▶ [REQUIRED ACTION]:
Starting at the top line and ending at the bottom one, repeat the entries exactly and drop every picture.

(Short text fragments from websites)
"""
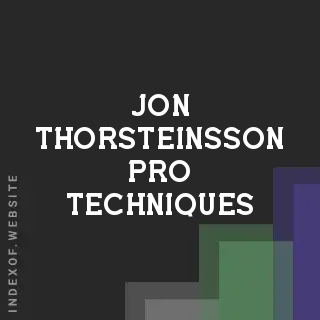 Jon Thorsteinsson Pro Techniques | Indexof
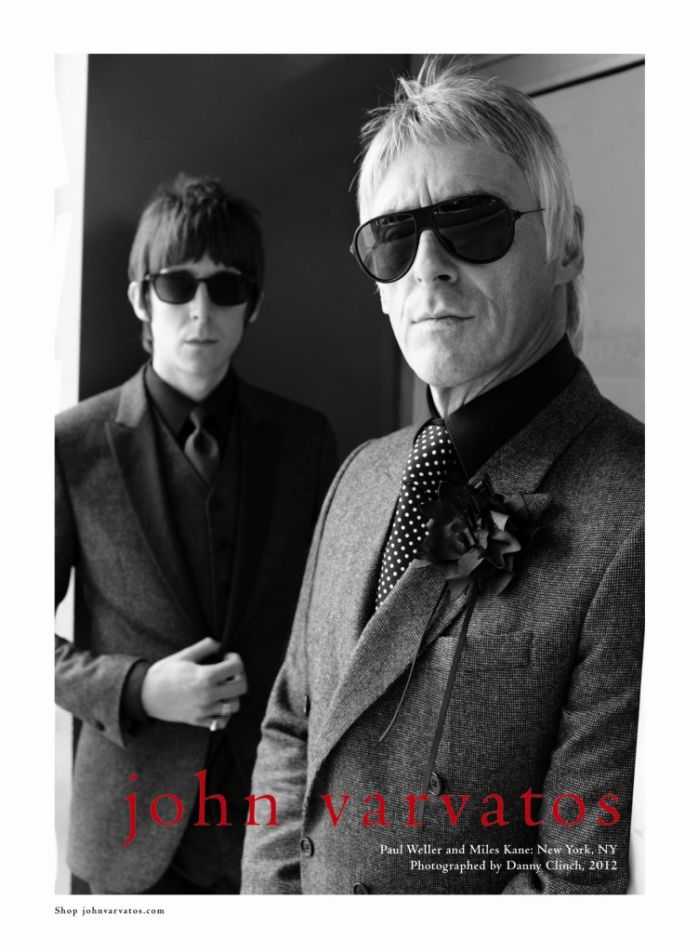 Paul Weller & Miles Kane Star in John Varvatos Fall/Winter 2012 Campaign
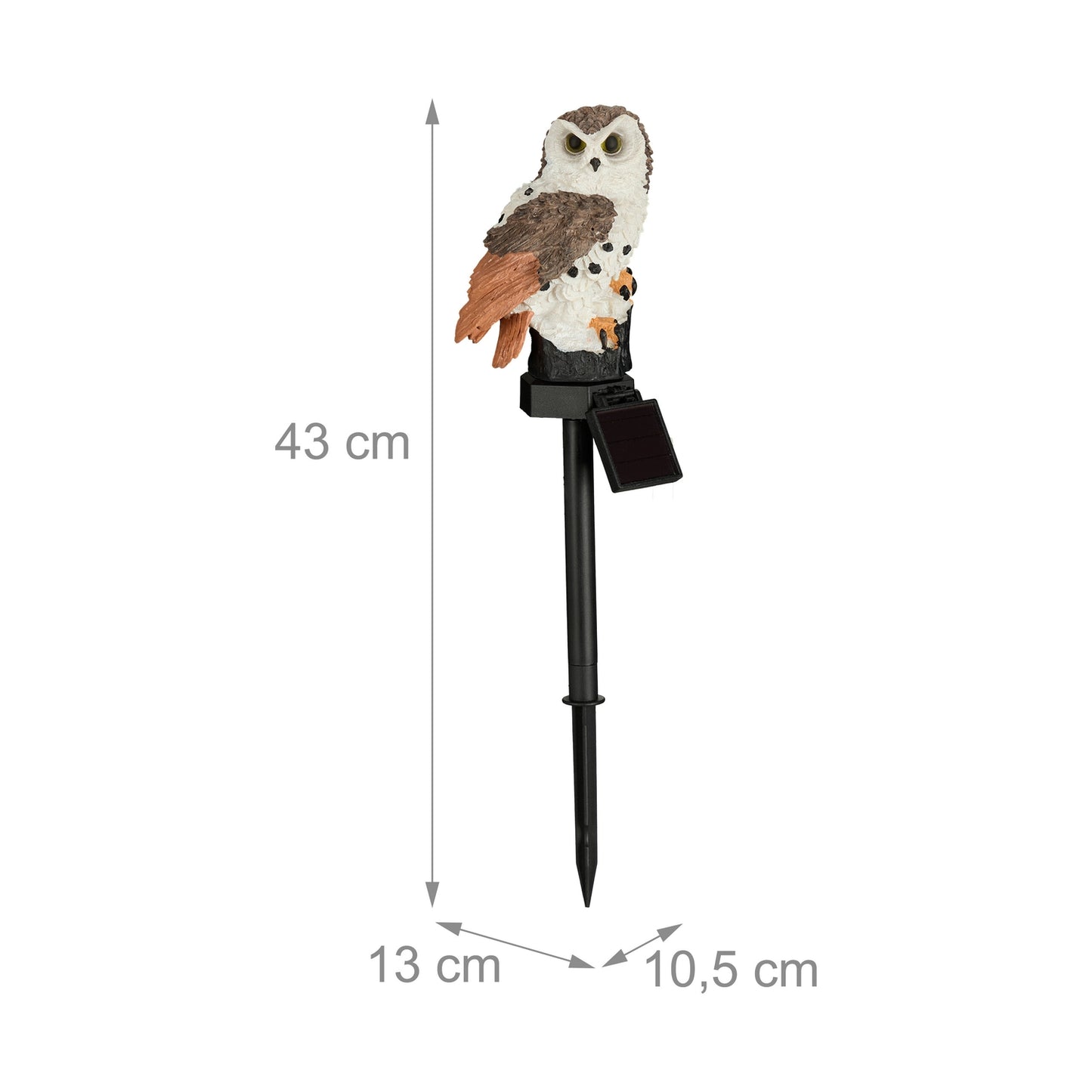 Solar owl with woodpecker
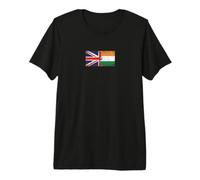 Banderas de Reino Unido e India - India británica Camiseta Premium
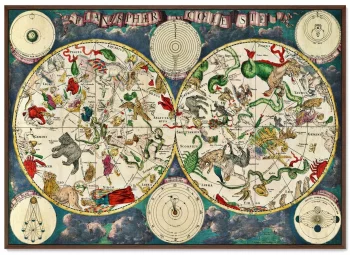Постер Map of constellations 105X75 CM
"""
▶ [YOUR RESPONSE]:
 Jon Thorsteinsson Pro Techniques | Indexof
 Paul Weller & Miles Kane Star in John Varvatos Fall/Winter 2012 Campaign
 Solar owl with woodpecker
 Banderas de Reino Unido e India - India británica Camiseta Premium
Постер Map of constellations 105X75 CM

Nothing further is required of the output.